Florida trial of white man accused of murdering unarmed black youth nears end
Closing arguments begin Wednesday in the Florida trial of a white man accused of murder in the 2012 killing of an unarmed black youth during a dispute about loud music. Michael Dunn is charged with first-degree murder in the shooting death of 17 year-old Jordan Davis outside a Jacksonville convenience store. Yesterday, Dunn took the stand and claimed self-defense, saying his life was threatened. The case is drawing comparisons to that of George Zimmerman, who was tried and acquitted in Florida for killing another unarmed black youth, Trayvon Martin. Richard Blake of the Jacksonville Progressive Coalition talks to FSRN’s Sean Kinane about the case and why his group has protested outside the courthouse.
“The story goes that Michael Dunn was in his car and heard some loud music from an adjacent car, essentially went over there. He says he felt threatened and ended up firing into the car injuring several of the passengers and killing Jordan Davis.

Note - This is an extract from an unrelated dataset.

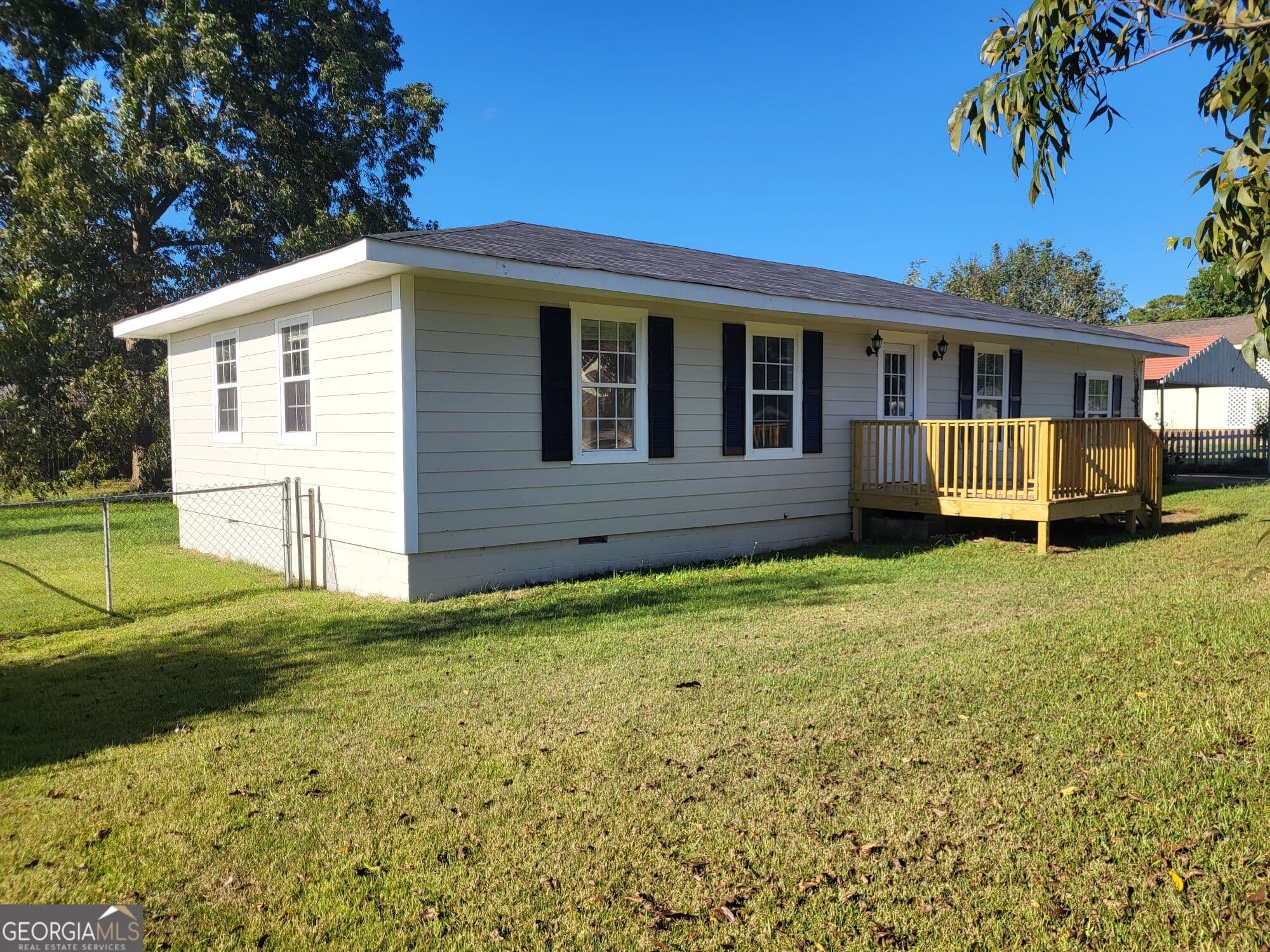 4 bedroom, 2 bathroom, 1,261 sq ft single family residence for sale at 6721 18th Street, Lanett, AL 36863 — photo 3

The reason that this is such a big issue in Jacksonville is we had huge protests after the Trayvon Martin trial and George Zimmerman was found not guilty of killing Trayvon Martin and I was down in Sanford right as the verdict was being read and I saw people all around me going to their knees and crying when they found out Zimmerman was going to go free. The reason we think it’s so important for people to be out here in Jacksonville, we were actually out at the courthouse today, is that we can’t let that precedent continue, which is the precedent of it’s all right to kill a young black man in Florida or anywhere in the country, really, if you feel like it. That’s what the precedent that was set by the Zimmerman trial was. We feel that it’s really important to not allow that to continue.”
And the comparison between this and the Zimmerman trial is that Michael Dunn is claiming self-defense. He’s claiming that Jordan Davis, who is a black teen, was producing a weapon. What do you know about that?
“My understanding is that, yeah, he said he thought he saw something poke out of the window that was the interview that he gave to police after he was arrested. He wasn’t sure whether it was a gun or anything to that effect and it’s my understanding that there was no weapon. He essentially just fired into a car full of unarmed teenagers.”
There’s some evidence that Michael Dunn’s actions might have been racially motivated and that’s based on the letters and maybe even the phone calls that have been released since he’s been in jail.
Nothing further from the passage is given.